_MATERIAL SHOWN_
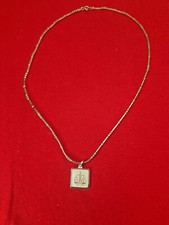 Vintage Sterling Silver Libra Zodiac Pendant With Chain 8.96g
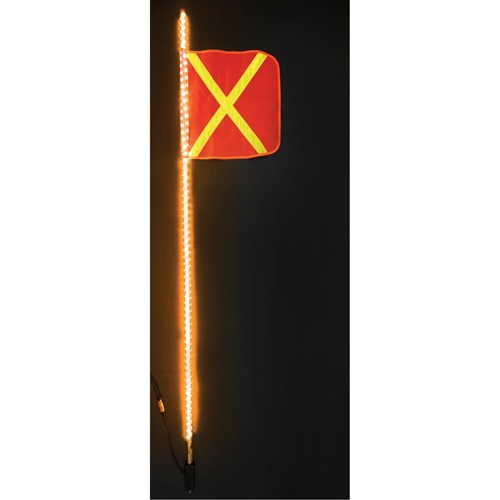 Safety Whip&reg; Heavy-Duty LED Whips, Hitch Mount, 6 High, Orange with Reflective Sécurité Médic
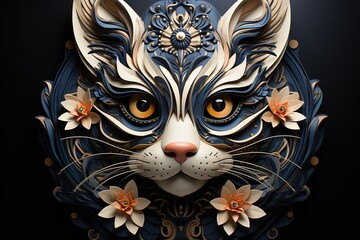 paper cut out volumetric cat portrait 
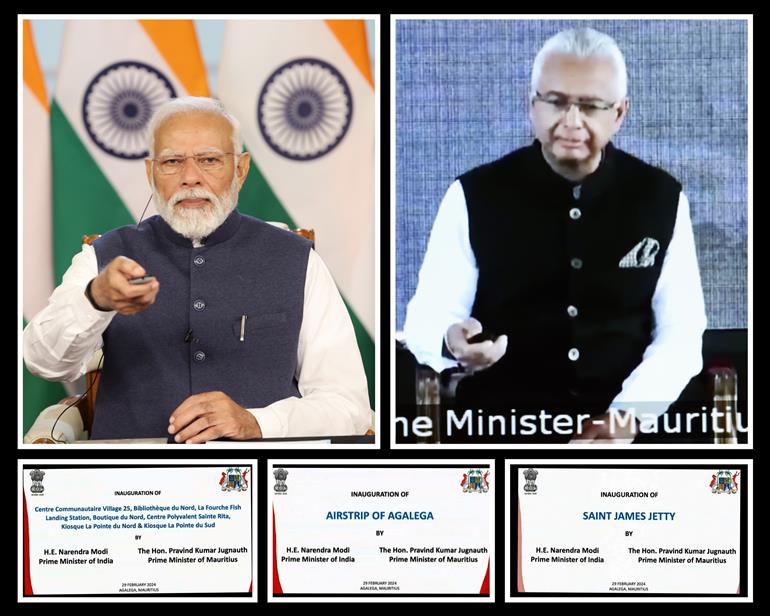 PM and the Prime Minister of Mauritius, Mr Pravind Jugnauth jointly inaugurate new Airstrip and a Jetty at Agalega Island in Mauritius via video conferencing on February 29, 2024.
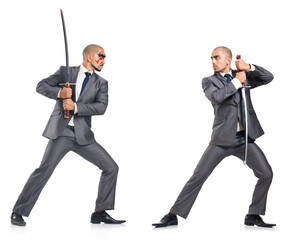 Wall Mural - Two men figthing with the sword isolated on white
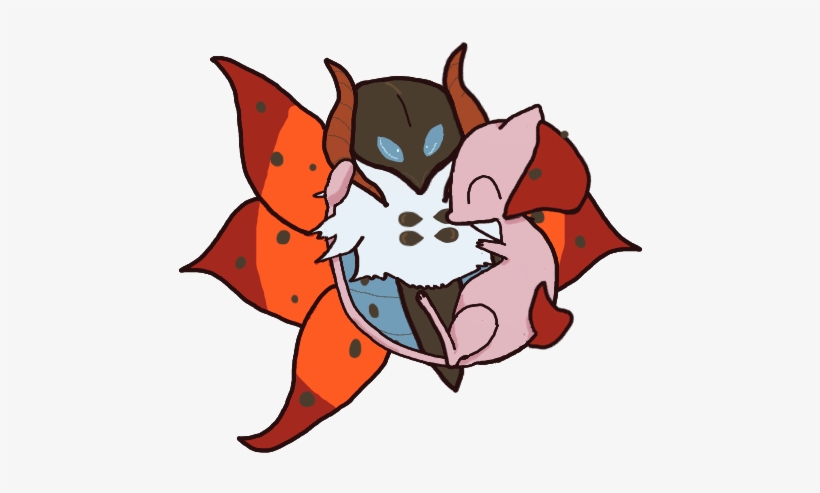 [oc] Hugging Mew And Volcarona - Cartoon, transparent png download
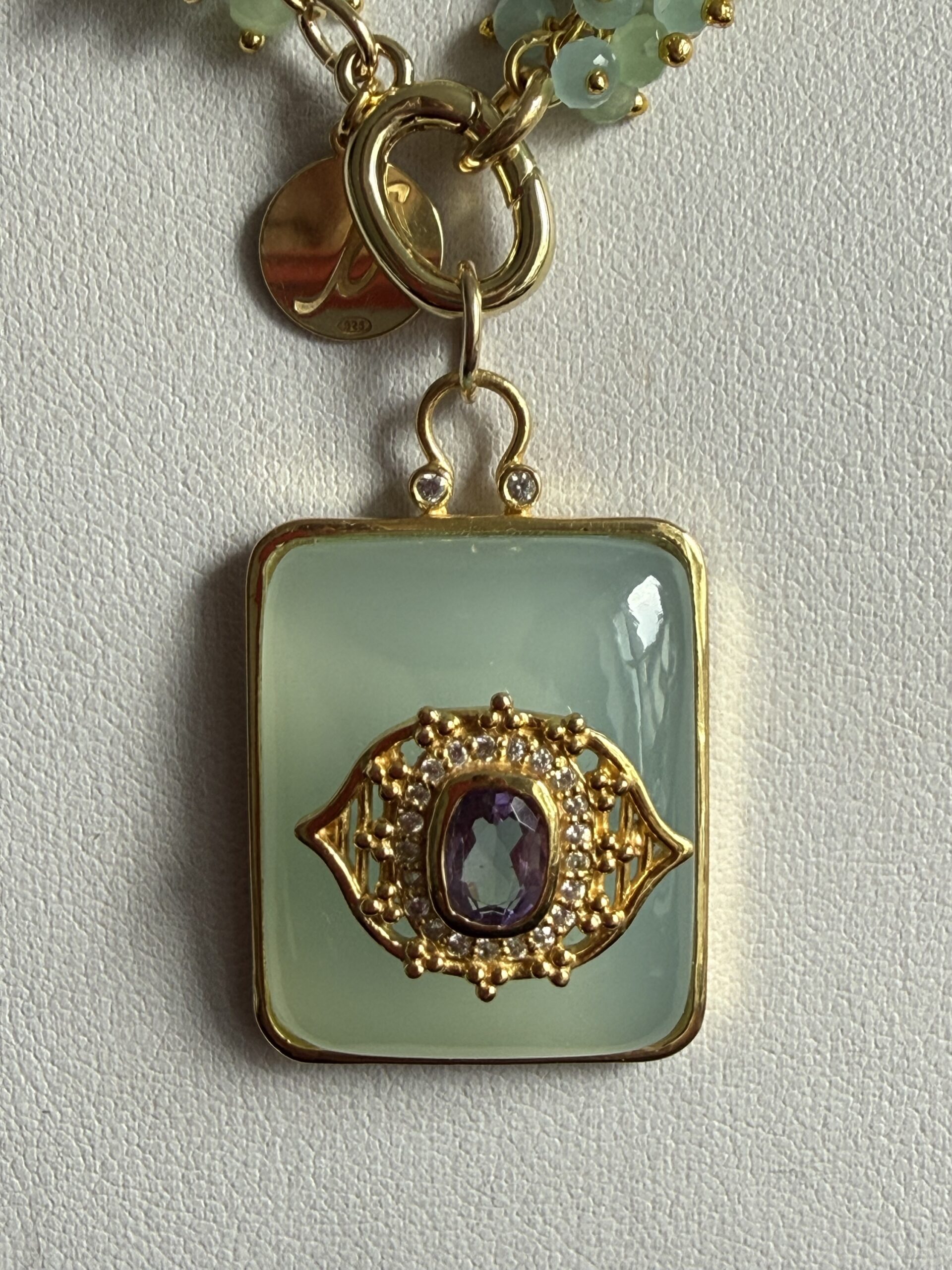 Collezione Sash Medaglione Calcedonio Verde Acqua - immagine 2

_GOAL OF THE EXERCISE_
All lines from the one containing "[oc] Hugging Mew" to the last line of the records above, both included, need to be repeated word for word; omit the pictures.

_EXERCISE ANSWER_
 [oc] Hugging Mew And Volcarona - Cartoon, transparent png download
 Collezione Sash Medaglione Calcedonio Verde Acqua - immagine 2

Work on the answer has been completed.